* **TASK INPUT**

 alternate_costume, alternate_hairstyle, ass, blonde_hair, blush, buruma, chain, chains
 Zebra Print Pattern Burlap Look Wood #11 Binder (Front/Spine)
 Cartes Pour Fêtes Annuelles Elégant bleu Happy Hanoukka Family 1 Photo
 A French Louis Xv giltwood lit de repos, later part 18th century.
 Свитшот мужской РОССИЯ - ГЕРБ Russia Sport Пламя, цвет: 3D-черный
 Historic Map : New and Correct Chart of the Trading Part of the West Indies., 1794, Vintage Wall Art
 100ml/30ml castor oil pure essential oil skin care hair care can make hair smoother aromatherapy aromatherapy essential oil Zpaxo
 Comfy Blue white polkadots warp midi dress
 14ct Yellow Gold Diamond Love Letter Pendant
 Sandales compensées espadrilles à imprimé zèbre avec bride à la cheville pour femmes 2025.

* **WHAT THE EXERCISE ASKS**
Would you transcribe the listing word for word?

* **ANSWER SECTION**
 alternate_costume, alternate_hairstyle, ass, blonde_hair, blush, buruma, chain, chains
 Zebra Print Pattern Burlap Look Wood #11 Binder (Front/Spine)
 Cartes Pour Fêtes Annuelles Elégant bleu Happy Hanoukka Family 1 Photo
 A French Louis Xv giltwood lit de repos, later part 18th century.
 Свитшот мужской РОССИЯ - ГЕРБ Russia Sport Пламя, цвет: 3D-черный
 Historic Map : New and Correct Chart of the Trading Part of the West Indies., 1794, Vintage Wall Art
 100ml/30ml castor oil pure essential oil skin care hair care can make hair smoother aromatherapy aromatherapy essential oil Zpaxo
 Comfy Blue white polkadots warp midi dress
 14ct Yellow Gold Diamond Love Letter Pendant
 Sandales compensées espadrilles à imprimé zèbre avec bride à la cheville pour femmes 2025.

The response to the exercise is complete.